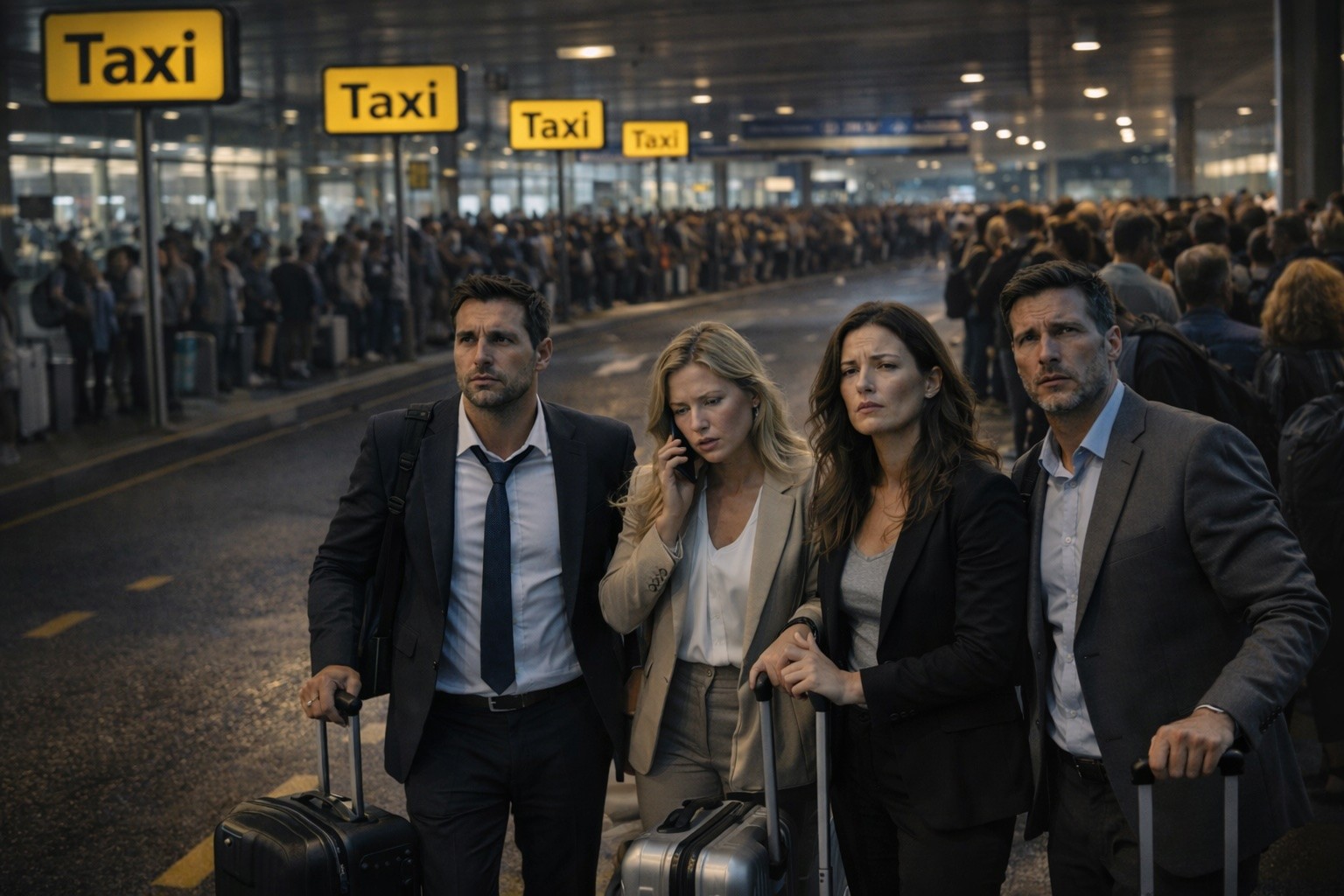 Concetrated triathlete grayscale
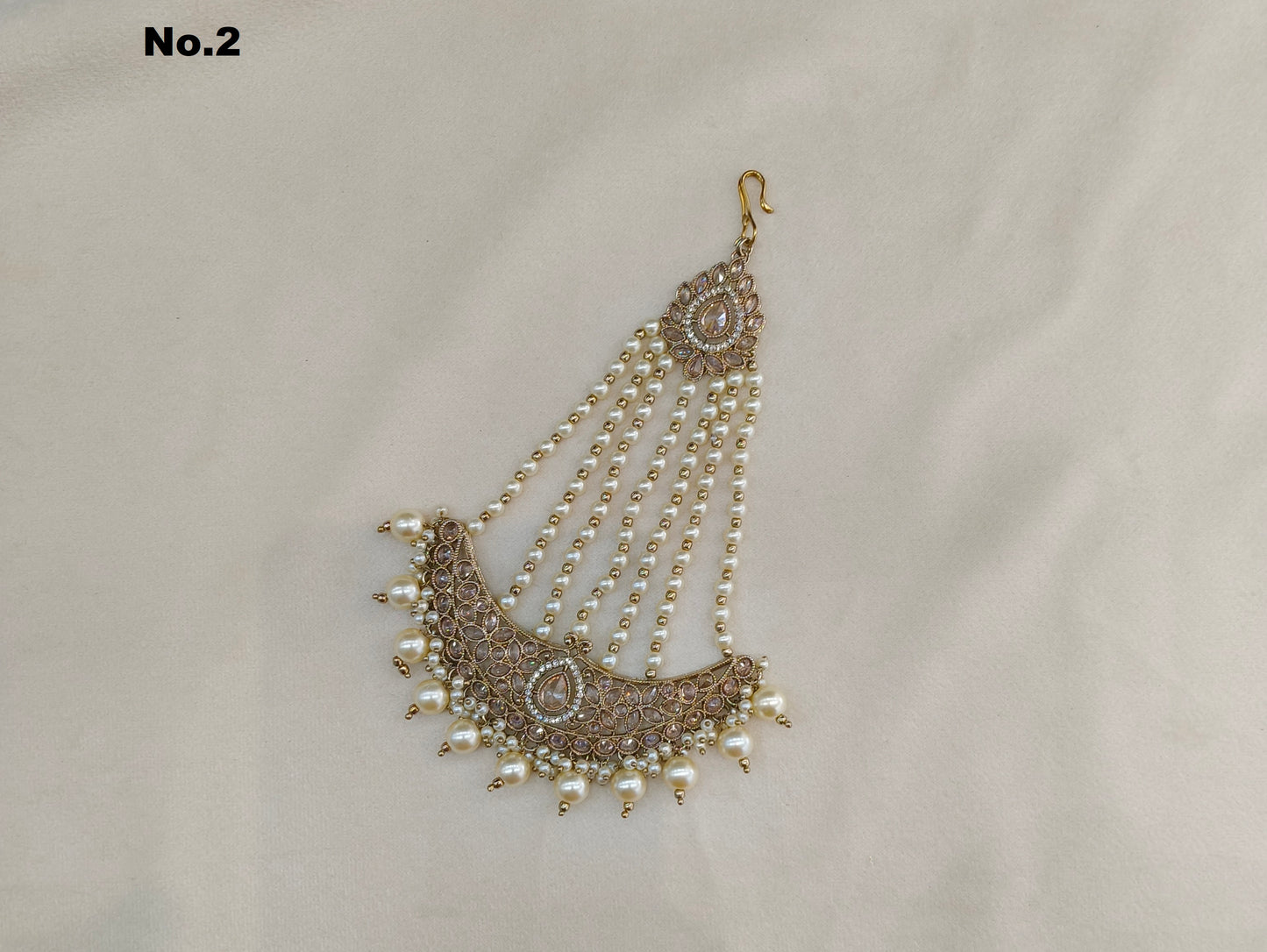 Antique Gold Jhumar Headpassa Mio Pakistani Side Headpiece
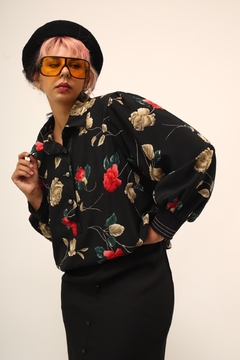 Camisa floral pala vintage - loja online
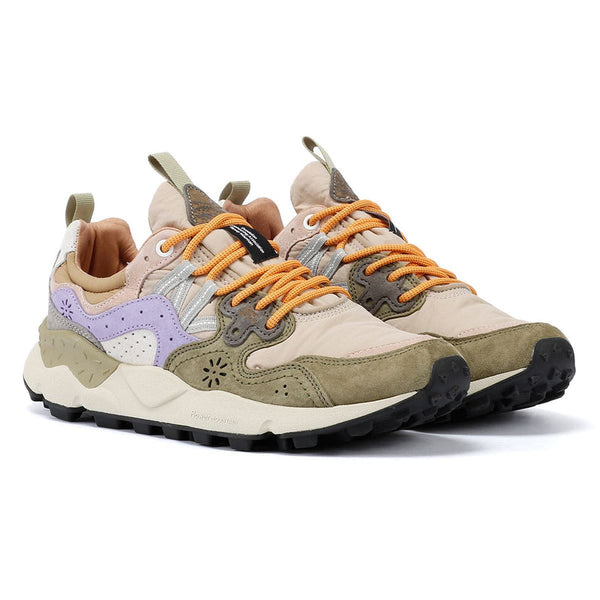 Flower Mountain - Yamano 3 Uni Suede/Nylon (Militare/Taupe/Violet)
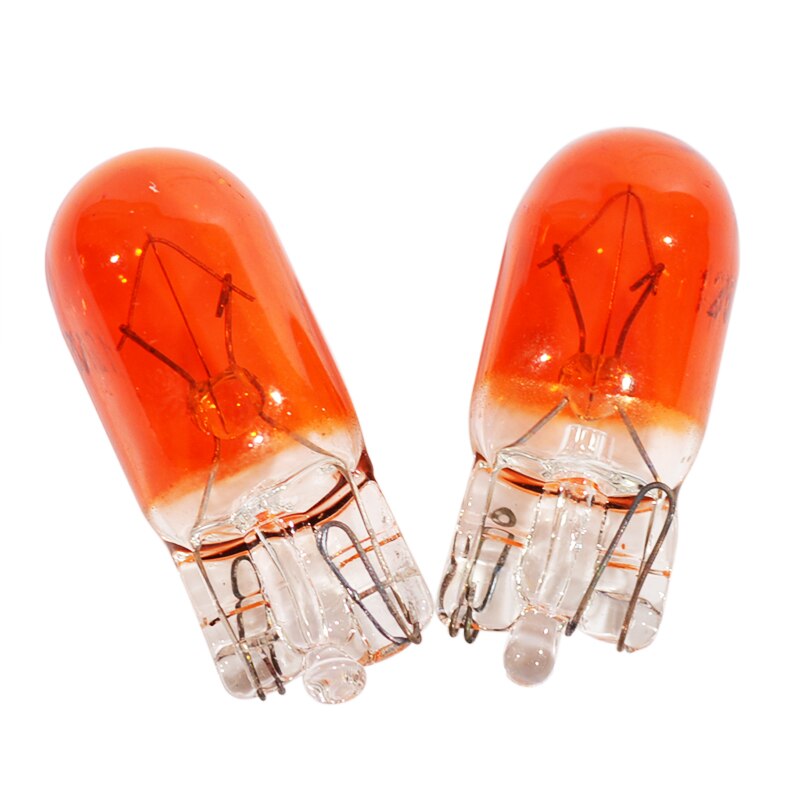 2Stck 12V 5W T10 501 W5W Auto Seite Keile Licht Instrument Lampe Armaturenbrett Halogenlampen Blau Klar verrotten Gelb Grün Violett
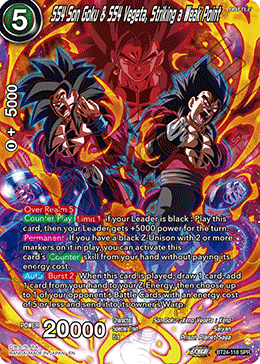 BT24-118 - SS4 Son Goku & SS4 Vegeta, Striking a Weak Point - Special Rare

━━━━━━━━━━━━━━━━

To do:
Starting at the line that contains "Camisa floral pala vintage - loja online" and ending at the final line of the data, reproduce each line exactly. Pictures stay out of the copy.

Your solution:
 Camisa floral pala vintage - loja online
 Flower Mountain - Yamano 3 Uni Suede/Nylon (Militare/Taupe/Violet)
 2Stck 12V 5W T10 501 W5W Auto Seite Keile Licht Instrument Lampe Armaturenbrett Halogenlampen Blau Klar verrotten Gelb Grün Violett
 BT24-118 - SS4 Son Goku & SS4 Vegeta, Striking a Weak Point - Special Rare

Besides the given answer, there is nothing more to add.